# [Records shown]

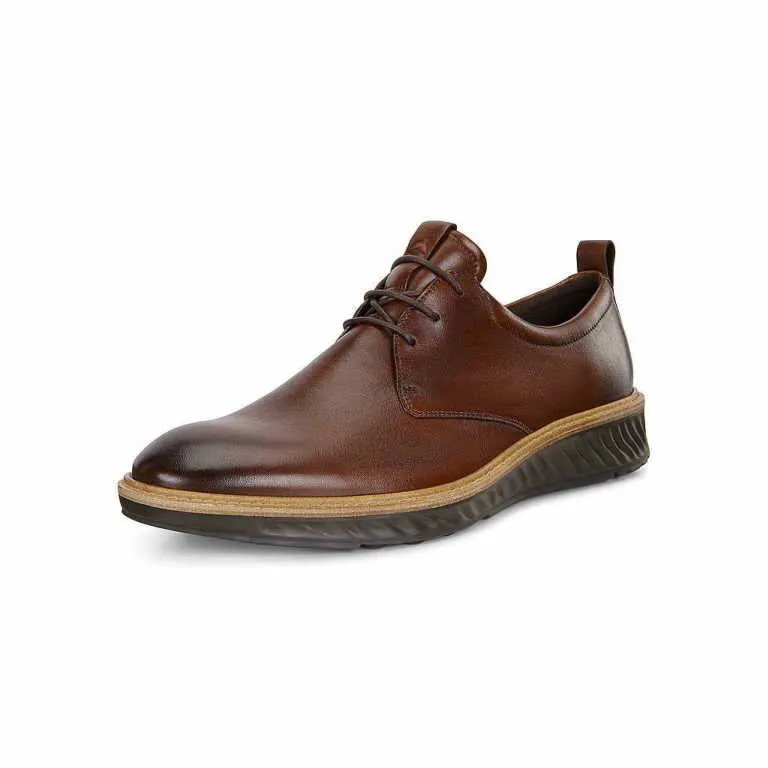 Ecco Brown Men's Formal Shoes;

---

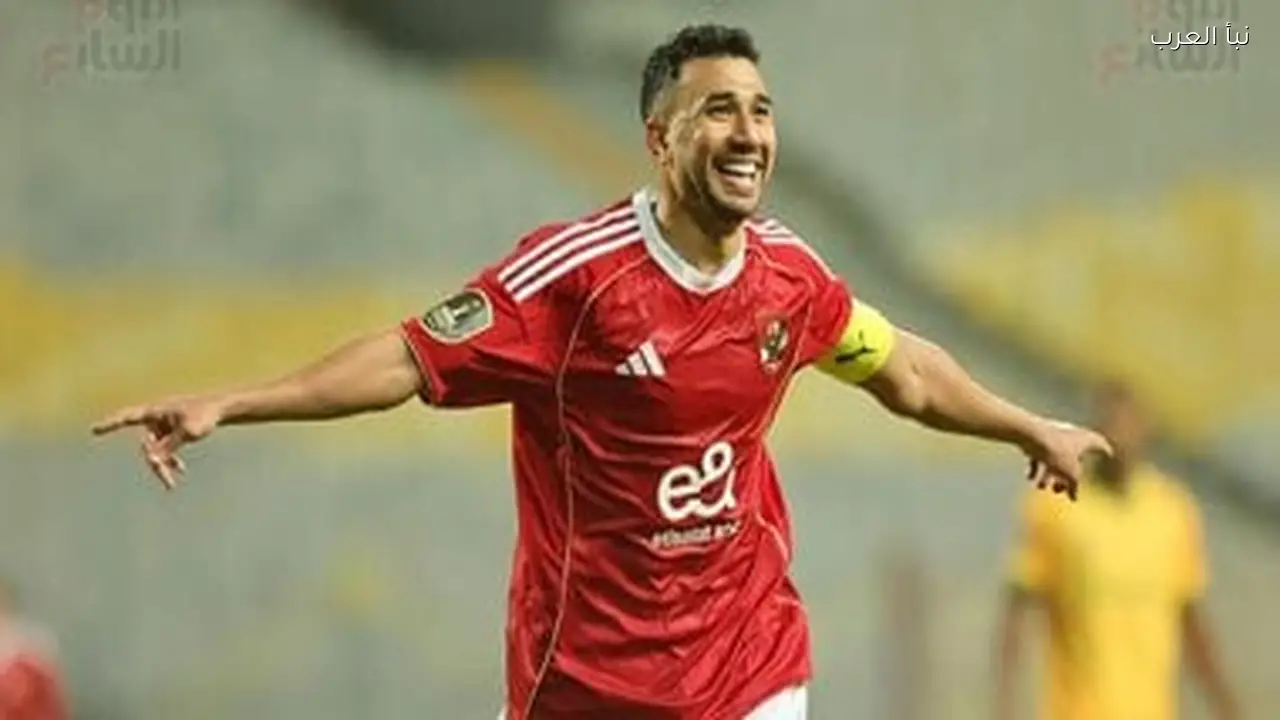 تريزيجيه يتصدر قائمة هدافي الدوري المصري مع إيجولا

...

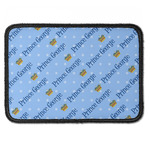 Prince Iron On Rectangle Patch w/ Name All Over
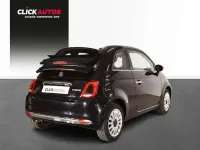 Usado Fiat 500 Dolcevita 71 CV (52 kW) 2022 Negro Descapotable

# [Task objective]
Copy the entries above exactly, but only the stretch from the line containing "Prince Iron On" through the line containing "Usado Fiat 500". Keep both end lines; drop the pictures.

# [Answer section]
 Prince Iron On Rectangle Patch w/ Name All Over
 Usado Fiat 500 Dolcevita 71 CV (52 kW) 2022 Negro Descapotable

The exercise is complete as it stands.